2023年3月3日(金)
きょうの潮流
たまごには三大特性があります。熱を加えると固まる。ゆで卵や卵焼きに。混ぜると気泡ができる。メレンゲやお菓子づくりに。混ざり合わないものを混ぜ合わせる。マヨネーズやアイスクリームに▼身近な食材で価格も安定している卵はさまざまな料理や食品に利用されています。しかしいま、物価の優等生の値上がりがとまりません。1年前と比べてほぼ倍に。大手レストランをはじめ卵を使ったメニューの一部を停止するところも現れています▼世界各地で猛威をふるっている鳥インフルエンザや飼料高騰の影響で、しばらくは高値が続くといいます。

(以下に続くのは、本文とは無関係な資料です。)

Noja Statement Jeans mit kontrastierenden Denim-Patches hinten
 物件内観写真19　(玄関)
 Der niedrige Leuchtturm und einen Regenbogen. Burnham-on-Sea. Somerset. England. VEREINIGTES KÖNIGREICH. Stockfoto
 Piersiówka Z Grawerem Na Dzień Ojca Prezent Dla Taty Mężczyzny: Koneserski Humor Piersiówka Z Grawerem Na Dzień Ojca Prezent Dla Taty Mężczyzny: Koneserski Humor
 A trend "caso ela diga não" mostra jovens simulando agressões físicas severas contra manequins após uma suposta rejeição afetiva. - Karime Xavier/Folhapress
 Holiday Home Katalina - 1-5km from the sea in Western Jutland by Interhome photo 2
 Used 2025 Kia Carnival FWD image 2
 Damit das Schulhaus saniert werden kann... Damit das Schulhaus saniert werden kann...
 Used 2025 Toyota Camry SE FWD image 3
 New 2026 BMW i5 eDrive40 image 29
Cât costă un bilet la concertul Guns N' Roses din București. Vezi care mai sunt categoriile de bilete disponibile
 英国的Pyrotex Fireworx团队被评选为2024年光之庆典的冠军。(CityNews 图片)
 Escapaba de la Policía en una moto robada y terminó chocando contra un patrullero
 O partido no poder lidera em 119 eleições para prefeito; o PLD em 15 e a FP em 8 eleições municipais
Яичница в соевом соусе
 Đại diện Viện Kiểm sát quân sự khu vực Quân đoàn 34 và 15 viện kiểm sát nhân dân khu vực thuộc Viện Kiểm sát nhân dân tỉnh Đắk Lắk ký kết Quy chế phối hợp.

殺処分の対象となったニワトリなどの数は一つのシーズンで初めて1500万羽をこえました。これは全国で飼われている採卵鶏の1割超にあたります▼いまだ収束の兆しはなく防疫対策にも限界があり、養鶏農家からは「このままでは続けられない」との声もあがります。畜産・酪農の危機をふくめ、この国の食をどうするのか。根っこのない政府の対応からは何もみえてきません▼月が替わっても食料や飲料の値上げラッシュ。加えて交通機関の運賃も引き上げられ、電気やガス、水道代も高騰したまま。賃金は上がらないのに、モノの値段だけが上がっていくという不条理です▼話を戻せば、栄養が豊富でおいしく安い卵は「生命のカプセル」と呼ばれてきました。しかし大規模化した採卵や供給に問題はないのか。いのちを育むカプセルから、人類の食のあり方もみえてくるはずです。